---------- GIVEN MATERIAL
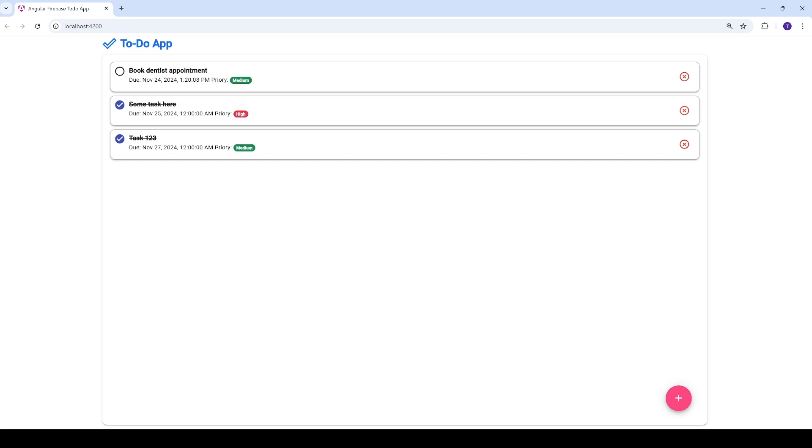Once we've got through the demo, we'll jump into the tutorial, step by step. By the end of this video, you will have a complete understanding of how to set up an Angular project, connect it to Firebase and Firestore, build and style your to-do app components and handle CRUD operations with real-time updates.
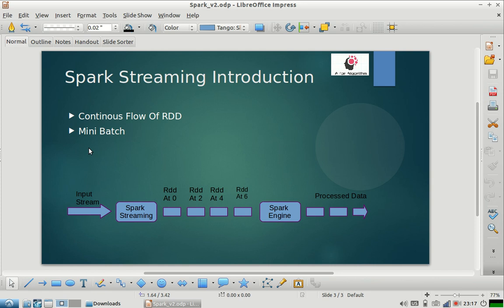In streaming applications what happens is that you are getting continuous stream of new data. Your new data is always coming, it doesn't stop. So now how does Spark solve this problem?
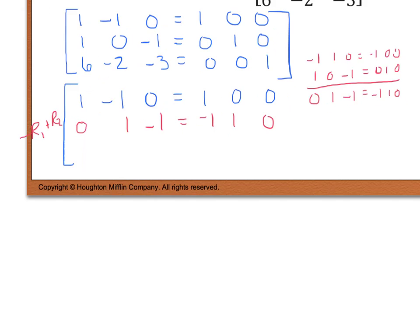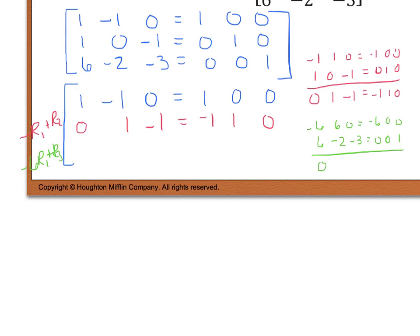Now we need to cancel the 6 in row 3. We do negative 6 times R1 plus R3. Negative 6 R1 gives negative 6, positive 6, 0 | negative 6, 0, 0. Adding row 3 (6, negative 2, negative 3 | 0, 0, 1) gives 0, 4, negative 3 | negative 6, 0, 1. So the new row 3 is: 0, 4, negative 3 | negative 6, 0, 1.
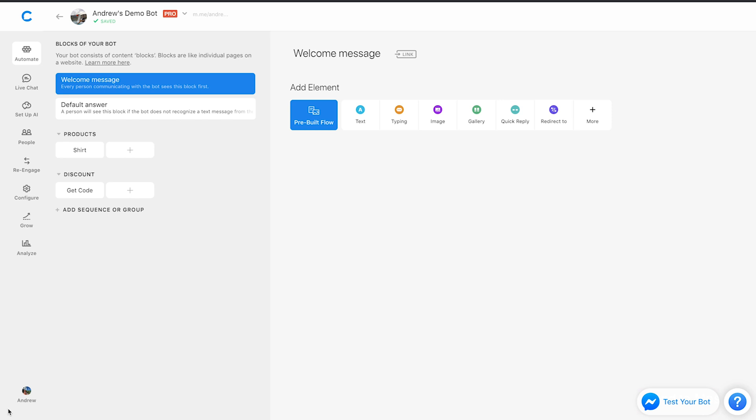Hi there folks, Andrew here at Chatfuel. Today I'm going to be discussing three ways that you can use user attributes in Chatfuel for your e-commerce business. So let's dive right into things.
--------------------
> WHAT IS BEING ASKED
Where pictures occur in the material above, omit them and return everything else exactly.

> TASK ANSWER
Once we've got through the demo, we'll jump into the tutorial, step by step. By the end of this video, you will have a complete understanding of how to set up an Angular project, connect it to Firebase and Firestore, build and style your to-do app components and handle CRUD operations with real-time updates.
In streaming applications what happens is that you are getting continuous stream of new data. Your new data is always coming, it doesn't stop. So now how does Spark solve this problem?
Now we need to cancel the 6 in row 3. We do negative 6 times R1 plus R3. Negative 6 R1 gives negative 6, positive 6, 0 | negative 6, 0, 0. Adding row 3 (6, negative 2, negative 3 | 0, 0, 1) gives 0, 4, negative 3 | negative 6, 0, 1. So the new row 3 is: 0, 4, negative 3 | negative 6, 0, 1.
Hi there folks, Andrew here at Chatfuel. Today I'm going to be discussing three ways that you can use user attributes in Chatfuel for your e-commerce business. So let's dive right into things.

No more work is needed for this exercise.